HOW TO COMPLETE THIS TASK: Range to output from the entries below: the line containing "Hope with this" through the line containing "From here, you're". Set it down exactly, ends included, nothing else.

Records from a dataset
--- START ---
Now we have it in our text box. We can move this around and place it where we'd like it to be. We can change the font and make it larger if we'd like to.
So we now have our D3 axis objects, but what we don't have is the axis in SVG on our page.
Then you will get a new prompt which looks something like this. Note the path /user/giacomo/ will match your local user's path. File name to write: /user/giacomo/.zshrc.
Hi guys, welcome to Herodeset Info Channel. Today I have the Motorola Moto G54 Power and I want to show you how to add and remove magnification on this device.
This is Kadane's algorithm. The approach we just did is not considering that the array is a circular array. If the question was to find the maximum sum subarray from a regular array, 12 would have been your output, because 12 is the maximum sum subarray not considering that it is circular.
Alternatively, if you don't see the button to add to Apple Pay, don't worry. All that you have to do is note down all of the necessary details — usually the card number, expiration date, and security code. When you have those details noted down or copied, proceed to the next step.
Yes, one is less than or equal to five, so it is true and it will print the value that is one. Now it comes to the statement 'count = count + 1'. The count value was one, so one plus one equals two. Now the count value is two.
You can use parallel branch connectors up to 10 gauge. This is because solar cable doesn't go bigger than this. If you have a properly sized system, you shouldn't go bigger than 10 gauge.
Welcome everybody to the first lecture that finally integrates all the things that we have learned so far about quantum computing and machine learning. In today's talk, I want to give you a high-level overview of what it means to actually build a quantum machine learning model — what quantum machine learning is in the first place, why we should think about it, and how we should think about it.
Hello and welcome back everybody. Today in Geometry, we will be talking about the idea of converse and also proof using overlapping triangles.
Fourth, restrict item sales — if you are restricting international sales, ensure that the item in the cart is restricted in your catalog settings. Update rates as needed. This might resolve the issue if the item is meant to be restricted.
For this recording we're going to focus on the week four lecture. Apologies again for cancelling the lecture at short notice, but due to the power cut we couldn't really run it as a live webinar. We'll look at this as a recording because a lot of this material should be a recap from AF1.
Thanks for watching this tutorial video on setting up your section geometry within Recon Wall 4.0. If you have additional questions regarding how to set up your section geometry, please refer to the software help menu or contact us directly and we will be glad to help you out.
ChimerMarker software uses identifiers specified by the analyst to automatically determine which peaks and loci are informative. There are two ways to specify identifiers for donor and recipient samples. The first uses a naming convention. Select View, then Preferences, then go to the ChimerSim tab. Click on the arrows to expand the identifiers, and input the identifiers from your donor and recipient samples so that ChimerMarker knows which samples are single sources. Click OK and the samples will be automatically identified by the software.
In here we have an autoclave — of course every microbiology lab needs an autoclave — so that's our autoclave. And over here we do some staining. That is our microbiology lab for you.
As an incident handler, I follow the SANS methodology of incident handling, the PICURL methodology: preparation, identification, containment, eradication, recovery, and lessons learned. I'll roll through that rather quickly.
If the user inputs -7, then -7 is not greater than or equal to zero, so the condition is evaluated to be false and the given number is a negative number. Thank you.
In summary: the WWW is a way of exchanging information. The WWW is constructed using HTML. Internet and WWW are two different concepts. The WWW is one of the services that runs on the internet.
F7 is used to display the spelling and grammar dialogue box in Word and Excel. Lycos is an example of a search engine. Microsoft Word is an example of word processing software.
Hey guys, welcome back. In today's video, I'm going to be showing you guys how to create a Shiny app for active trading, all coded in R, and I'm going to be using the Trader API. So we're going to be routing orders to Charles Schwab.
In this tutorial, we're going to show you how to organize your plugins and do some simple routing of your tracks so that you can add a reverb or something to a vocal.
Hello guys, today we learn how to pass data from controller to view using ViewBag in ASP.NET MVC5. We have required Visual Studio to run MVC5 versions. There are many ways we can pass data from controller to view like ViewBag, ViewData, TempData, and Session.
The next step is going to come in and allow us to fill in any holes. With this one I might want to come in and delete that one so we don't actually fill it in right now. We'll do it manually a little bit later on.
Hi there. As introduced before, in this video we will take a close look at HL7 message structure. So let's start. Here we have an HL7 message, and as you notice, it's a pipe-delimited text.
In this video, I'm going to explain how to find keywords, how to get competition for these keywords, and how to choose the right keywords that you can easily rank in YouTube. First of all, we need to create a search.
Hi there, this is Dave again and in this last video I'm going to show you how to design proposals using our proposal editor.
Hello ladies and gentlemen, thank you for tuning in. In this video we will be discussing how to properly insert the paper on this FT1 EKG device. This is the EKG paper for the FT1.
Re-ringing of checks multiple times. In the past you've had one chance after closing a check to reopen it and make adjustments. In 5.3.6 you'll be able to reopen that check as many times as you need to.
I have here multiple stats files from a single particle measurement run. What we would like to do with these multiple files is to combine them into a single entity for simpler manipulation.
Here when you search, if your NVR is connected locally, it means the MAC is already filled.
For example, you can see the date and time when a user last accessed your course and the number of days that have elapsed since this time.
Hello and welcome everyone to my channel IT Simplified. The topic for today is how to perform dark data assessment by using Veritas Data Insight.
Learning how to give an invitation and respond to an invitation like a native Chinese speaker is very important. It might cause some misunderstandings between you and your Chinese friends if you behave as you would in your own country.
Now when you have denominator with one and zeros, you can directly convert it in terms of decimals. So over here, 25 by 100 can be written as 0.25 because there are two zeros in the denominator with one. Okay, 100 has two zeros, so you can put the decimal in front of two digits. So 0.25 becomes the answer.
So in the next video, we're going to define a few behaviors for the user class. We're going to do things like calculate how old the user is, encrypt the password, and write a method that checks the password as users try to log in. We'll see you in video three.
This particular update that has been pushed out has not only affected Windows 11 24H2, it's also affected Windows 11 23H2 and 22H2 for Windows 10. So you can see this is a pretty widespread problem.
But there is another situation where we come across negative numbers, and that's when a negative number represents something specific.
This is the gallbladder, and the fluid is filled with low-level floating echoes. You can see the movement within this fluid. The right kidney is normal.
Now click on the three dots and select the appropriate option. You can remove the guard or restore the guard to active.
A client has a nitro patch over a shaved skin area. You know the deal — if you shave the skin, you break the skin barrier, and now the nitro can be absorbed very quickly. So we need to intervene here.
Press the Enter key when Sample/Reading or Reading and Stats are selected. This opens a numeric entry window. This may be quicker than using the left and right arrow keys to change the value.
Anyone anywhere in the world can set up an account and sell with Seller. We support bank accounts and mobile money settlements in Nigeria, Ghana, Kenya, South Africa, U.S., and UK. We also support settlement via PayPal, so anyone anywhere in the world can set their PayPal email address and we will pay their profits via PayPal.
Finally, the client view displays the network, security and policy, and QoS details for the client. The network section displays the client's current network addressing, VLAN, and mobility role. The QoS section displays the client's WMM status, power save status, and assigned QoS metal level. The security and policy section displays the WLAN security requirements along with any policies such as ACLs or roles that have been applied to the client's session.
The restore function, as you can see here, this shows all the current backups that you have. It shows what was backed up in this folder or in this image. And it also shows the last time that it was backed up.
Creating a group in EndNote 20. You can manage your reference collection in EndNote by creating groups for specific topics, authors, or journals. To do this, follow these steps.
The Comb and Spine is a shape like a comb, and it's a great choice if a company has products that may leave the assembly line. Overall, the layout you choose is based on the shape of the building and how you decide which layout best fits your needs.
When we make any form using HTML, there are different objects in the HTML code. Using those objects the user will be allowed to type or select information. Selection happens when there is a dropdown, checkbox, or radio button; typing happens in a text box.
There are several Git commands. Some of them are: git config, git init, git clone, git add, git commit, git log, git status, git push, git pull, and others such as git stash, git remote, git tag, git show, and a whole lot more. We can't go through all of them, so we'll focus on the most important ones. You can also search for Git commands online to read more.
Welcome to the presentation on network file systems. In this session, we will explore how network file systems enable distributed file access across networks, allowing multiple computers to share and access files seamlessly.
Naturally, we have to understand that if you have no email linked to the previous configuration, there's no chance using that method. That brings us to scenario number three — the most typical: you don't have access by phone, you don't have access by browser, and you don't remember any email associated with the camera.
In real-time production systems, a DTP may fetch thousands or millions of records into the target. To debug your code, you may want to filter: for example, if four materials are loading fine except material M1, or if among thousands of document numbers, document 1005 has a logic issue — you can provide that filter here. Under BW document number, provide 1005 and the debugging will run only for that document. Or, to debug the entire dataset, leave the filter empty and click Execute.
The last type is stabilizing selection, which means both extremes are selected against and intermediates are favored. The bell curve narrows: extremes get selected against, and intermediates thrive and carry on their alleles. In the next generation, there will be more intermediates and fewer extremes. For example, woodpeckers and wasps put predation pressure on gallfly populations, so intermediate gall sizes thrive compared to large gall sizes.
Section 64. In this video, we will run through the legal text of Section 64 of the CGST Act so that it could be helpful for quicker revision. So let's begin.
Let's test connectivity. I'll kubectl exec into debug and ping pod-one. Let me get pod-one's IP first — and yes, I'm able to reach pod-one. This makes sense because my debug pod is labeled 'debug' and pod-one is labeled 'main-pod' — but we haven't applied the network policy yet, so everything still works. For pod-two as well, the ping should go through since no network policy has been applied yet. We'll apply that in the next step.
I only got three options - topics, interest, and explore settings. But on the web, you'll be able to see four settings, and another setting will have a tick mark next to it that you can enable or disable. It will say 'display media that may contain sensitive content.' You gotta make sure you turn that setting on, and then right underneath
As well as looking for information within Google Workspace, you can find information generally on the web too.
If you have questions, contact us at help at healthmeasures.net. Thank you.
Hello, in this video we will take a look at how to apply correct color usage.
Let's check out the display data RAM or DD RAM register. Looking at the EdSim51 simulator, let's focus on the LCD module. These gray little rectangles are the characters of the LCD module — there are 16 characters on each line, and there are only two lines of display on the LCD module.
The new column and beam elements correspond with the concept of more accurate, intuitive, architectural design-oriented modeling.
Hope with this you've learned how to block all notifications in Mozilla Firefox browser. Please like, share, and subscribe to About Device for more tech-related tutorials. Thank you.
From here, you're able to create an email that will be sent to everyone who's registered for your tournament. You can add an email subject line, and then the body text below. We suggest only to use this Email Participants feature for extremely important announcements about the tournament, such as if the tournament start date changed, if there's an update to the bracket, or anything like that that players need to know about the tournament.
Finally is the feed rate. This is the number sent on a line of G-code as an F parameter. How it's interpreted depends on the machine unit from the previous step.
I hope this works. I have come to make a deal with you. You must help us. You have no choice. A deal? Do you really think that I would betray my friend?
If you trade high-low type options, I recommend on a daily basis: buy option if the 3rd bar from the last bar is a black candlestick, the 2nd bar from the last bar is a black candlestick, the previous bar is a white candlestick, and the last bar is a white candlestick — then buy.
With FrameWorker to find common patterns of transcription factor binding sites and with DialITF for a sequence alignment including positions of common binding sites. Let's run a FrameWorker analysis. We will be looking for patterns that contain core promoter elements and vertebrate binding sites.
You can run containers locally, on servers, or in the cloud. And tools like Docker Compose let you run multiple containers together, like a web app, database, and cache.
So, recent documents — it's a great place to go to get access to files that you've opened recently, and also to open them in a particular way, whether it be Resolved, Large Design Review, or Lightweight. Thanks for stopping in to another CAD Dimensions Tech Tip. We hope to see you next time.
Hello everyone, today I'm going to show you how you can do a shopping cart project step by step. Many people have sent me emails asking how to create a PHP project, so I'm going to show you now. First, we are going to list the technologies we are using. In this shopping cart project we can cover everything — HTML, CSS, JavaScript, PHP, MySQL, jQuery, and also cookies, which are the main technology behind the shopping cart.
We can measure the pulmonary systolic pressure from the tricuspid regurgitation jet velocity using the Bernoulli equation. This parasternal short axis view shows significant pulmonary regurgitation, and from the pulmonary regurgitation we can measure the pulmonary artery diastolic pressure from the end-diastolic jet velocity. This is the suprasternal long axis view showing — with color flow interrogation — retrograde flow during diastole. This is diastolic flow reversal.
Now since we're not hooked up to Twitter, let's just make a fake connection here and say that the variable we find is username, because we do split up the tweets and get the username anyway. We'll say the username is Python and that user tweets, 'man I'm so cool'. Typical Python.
--- END ---
WRITTEN RESPONSE:
Hope with this you've learned how to block all notifications in Mozilla Firefox browser. Please like, share, and subscribe to About Device for more tech-related tutorials. Thank you.
From here, you're able to create an email that will be sent to everyone who's registered for your tournament. You can add an email subject line, and then the body text below. We suggest only to use this Email Participants feature for extremely important announcements about the tournament, such as if the tournament start date changed, if there's an update to the bracket, or anything like that that players need to know about the tournament.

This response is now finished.